**EXERCISE DIRECTIONS**. An exact copy of the lines from the one containing "2 Spout Lane, Crockham" through the final line of the records is the only acceptable answer.

**DATA TO USE**.
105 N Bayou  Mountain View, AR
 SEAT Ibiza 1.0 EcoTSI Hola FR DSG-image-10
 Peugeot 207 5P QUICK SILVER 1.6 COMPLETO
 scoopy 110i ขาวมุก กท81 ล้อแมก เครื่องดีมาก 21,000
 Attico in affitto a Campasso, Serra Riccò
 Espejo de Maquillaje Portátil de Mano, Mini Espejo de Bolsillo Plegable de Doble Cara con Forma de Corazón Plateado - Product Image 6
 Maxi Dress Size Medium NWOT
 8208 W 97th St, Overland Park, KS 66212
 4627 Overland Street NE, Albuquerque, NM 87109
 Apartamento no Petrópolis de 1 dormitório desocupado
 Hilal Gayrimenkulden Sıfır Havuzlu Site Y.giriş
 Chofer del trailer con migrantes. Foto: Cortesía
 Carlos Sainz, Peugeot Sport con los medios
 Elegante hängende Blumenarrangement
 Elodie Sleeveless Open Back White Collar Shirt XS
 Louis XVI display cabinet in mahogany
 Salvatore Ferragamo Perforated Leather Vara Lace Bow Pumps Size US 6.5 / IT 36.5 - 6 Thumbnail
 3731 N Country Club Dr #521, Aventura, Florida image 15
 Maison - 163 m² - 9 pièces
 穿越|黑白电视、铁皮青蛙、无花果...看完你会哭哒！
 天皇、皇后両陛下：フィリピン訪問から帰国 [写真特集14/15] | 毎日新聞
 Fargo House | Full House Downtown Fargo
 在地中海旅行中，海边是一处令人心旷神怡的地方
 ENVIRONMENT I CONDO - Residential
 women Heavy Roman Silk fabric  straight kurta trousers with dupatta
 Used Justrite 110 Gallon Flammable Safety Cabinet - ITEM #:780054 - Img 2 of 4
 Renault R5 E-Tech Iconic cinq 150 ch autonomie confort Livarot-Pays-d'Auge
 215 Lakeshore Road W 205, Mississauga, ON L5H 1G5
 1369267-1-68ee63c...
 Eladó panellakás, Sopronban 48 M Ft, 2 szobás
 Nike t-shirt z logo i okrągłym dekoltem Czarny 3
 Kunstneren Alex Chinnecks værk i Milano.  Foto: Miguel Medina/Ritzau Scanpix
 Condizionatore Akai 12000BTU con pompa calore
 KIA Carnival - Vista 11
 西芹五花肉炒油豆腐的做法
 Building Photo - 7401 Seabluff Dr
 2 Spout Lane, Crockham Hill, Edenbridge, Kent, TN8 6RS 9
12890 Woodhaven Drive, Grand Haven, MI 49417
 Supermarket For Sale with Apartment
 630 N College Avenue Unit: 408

**ANSWER FOR THE TASK**.
 2 Spout Lane, Crockham Hill, Edenbridge, Kent, TN8 6RS 9
12890 Woodhaven Drive, Grand Haven, MI 49417
 Supermarket For Sale with Apartment
 630 N College Avenue Unit: 408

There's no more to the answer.